Without the pictures, set down every record below exactly as it reads.

* _PROVIDED MATERIAL_:

★ ★ ★ ★ ★ ★ ★

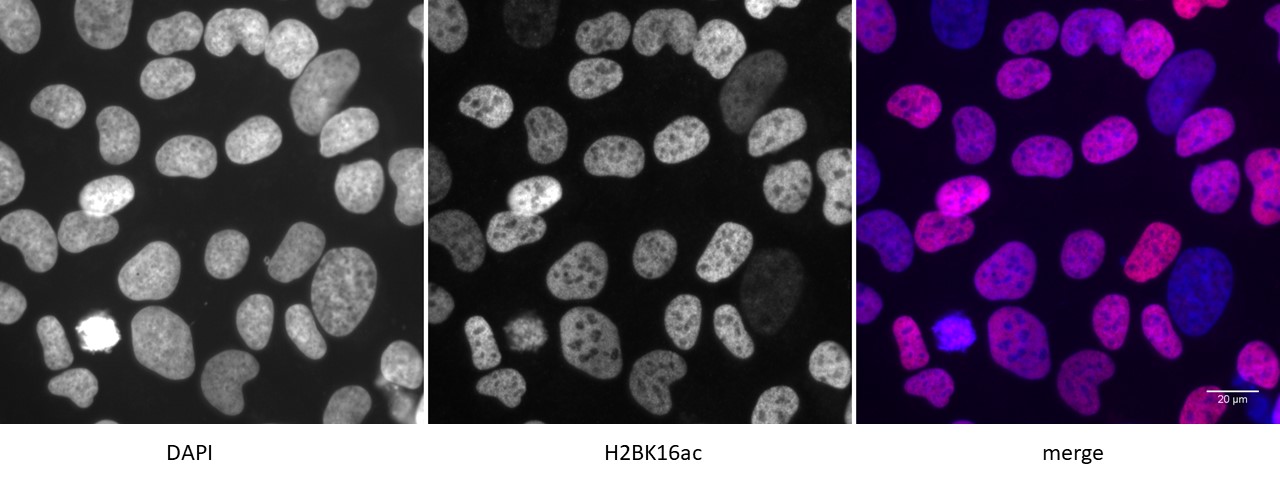 Histone H2BK16ac antibody (pAb) tested by immunofluorescence.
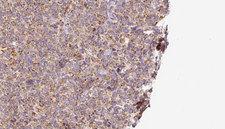 SLC10A2 / ASBT Antibody - 1:100 staining human lymph carcinoma tissue by IHC-P. The sample was formaldehyde fixed and a heat mediated antigen retrieval step in citrate buffer was performed. The sample was then blocked and incubated with the antibody for 1.5 hours at 22°C. An HRP conjugated goat anti-rabbit antibody was used as the secondary.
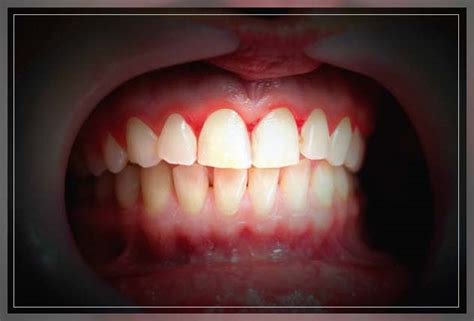 How To Prevent Gum Infection Dentist Ahmed Official Website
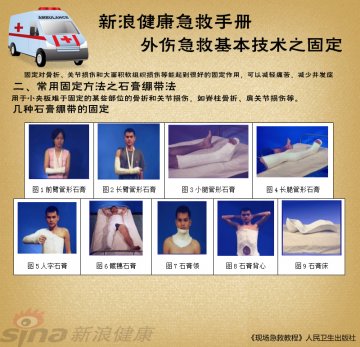 几种石膏绷带的固定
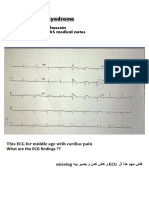 Wellen Syndrome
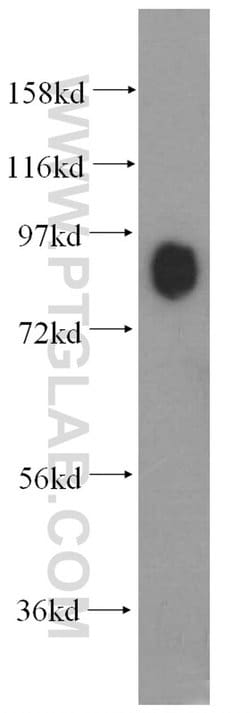 Marcks Rabbit anti-Mouse, Polyclonal, Proteintech 150 &mu;L; Unconjugated:Antibodies,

★ ★ ★ ★ ★ ★ ★

* _EXERCISE RESULT_:
 Histone H2BK16ac antibody (pAb) tested by immunofluorescence.
 SLC10A2 / ASBT Antibody - 1:100 staining human lymph carcinoma tissue by IHC-P. The sample was formaldehyde fixed and a heat mediated antigen retrieval step in citrate buffer was performed. The sample was then blocked and incubated with the antibody for 1.5 hours at 22°C. An HRP conjugated goat anti-rabbit antibody was used as the secondary.
 How To Prevent Gum Infection Dentist Ahmed Official Website
 几种石膏绷带的固定
 Wellen Syndrome
 Marcks Rabbit anti-Mouse, Polyclonal, Proteintech 150 &mu;L; Unconjugated:Antibodies,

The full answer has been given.